But the other answered, "I am as astonished as you; but it is too late, Your Majesty."
Boyd was stretched out at the foot of an oak, carefully tended. "What is it, true friend?" asked Charles, bending over him and clasping his sinewy hand. "God do more to me for ill than he hath, if I do not revenge you upon those who have so wronged you for my sake! Are you in great pain?"
"Not so great but that I would fain hear of your adventures after you left my poor house," began Boyd, gasping, despite his fortitude. "Alas! my house had done them no wrong! Why should they destroy it with its Master?"
"With its Master?" remonstrated Charles; "nay, Boyd, you are over-fearful. Chisholm and I—see, there he is—oh, we found the path that he well knew how to trace, and were here hours ago. A number of brave men, believing, from Rab Kaims' tale, that mischief was in the air, were dashing away toward the Neith Road to fall upon Danforth when he should set out for the town. They were your rescuers, and had gone when Chisholm and I got hither."

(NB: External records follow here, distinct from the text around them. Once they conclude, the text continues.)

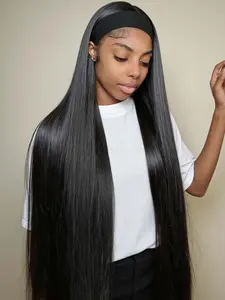 Long Straight Headband Wigs for Women, Natural Glueless Wig, Synthetic Straight Wig, Silky Straight Hair, Heat Resistant Fiber, Headband Style Wig, Beginner Friendly, Cosplay Use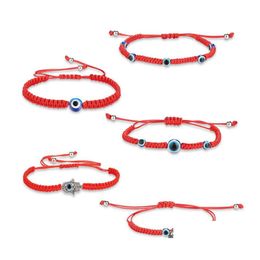 Cadena de eslabones Moda Red String Hamsa Mano Lucky Evil Blue Eye Pulsera Cuerda trenzada Boho Festival Chic Para Mujeres Niñas Charm Jewelry Otgjb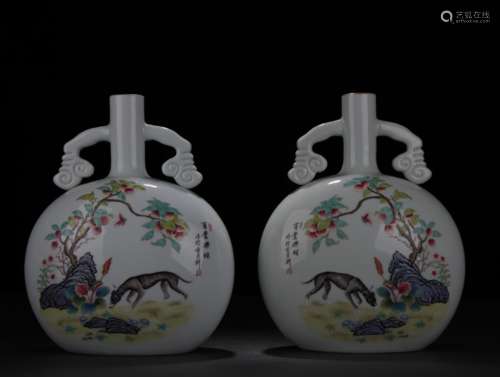 A Pair of Enamel Flat Vases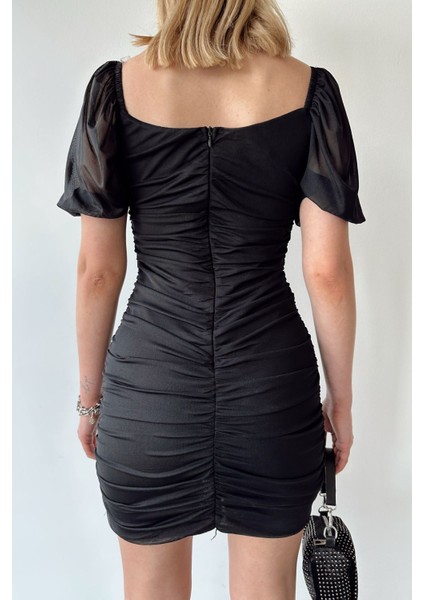 Büzgülü Elbise-Siyah modelleri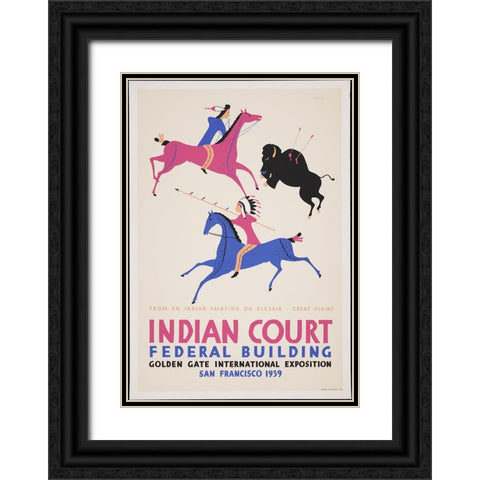 San Francisco-1939-Elkskin Great Plains Black Ornate Wood Framed Art Print with Double Matting by Worlds Fair Posters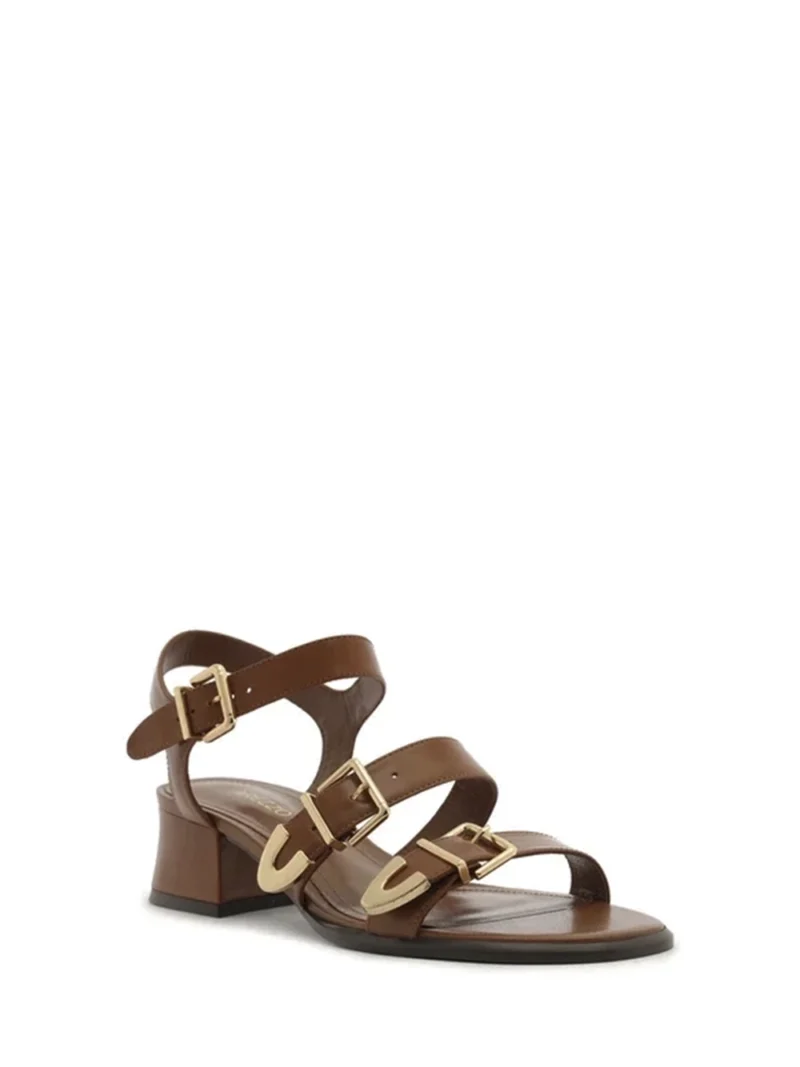 Alternative view of Sandália em Pele Castanha e Tiras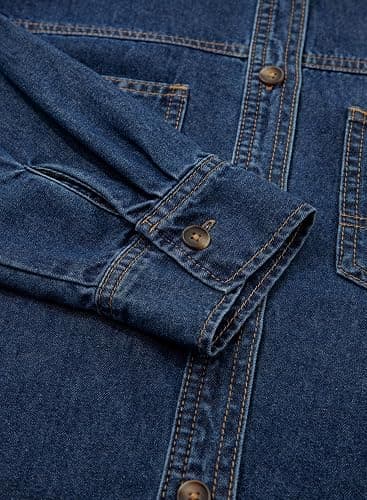 Sidefeel Women Denim Shirts Oversized Long Sleeve Button Down Blouse V Neck Casual Top Shackets thumbnail 7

"God be blessed for them!" replied Boyd, feebly. "I thank Him that I, too, have been counted worthy to suffer for my king! What a joy, what an honor forever, in my family, unto Andrew's children's children, shall this week remain!" The thought seemed to possess him wholly.
"And what keen remorse and regret to me, noble Master of Windlestrae!" exclaimed Charles. He drew Andrew closer as they knelt there together. The lad had grown more alarmed than ever at his father's appearance, but was far from suspecting that MacCollum's whisper pronounced the wound mortal, and Gilbert's life a question of brief time. The infuriated trooper had not thrown away his shot.
"Nay, my lord—be it not so," replied Boyd, "not so! What hath chanced is of God and for my sovereign. Aha!" added he with a scornful curl of his lips, now white and compressed in pain, "what will my Windlestrae neighbors say when they learn it? Andrew, boy, the honor of my house, of thy house is won for thee, when Scotland shall see peace beneath her rightful king. Would I might not die here! If I could but live to welcome such a day, too! Not so is it set for me!"
"Father, father!" ejaculated Andrew, dropping his royal protector's hand as the bitter truth broke upon him. "Why speak you thus? Do you suffer so? Oh, tell me not, tell me not that he is—is dying! Look at him, gentlemen, look at him!"
"My poor fellow," responded MacCollum, gently, as he felt the patient's pulse—for Boyd had closed his eyes an instant, from agony and exhaustion—"I should wrong you by feigning. I fear that he cannot hold out long."
Boyd looked up again. A great change had suddenly come over his face. Andrew was terrified at it. His father not only was intensely pale and weak, but the lines of age had somehow stolen into his rugged countenance, the shadows of eld into his sunken eyes.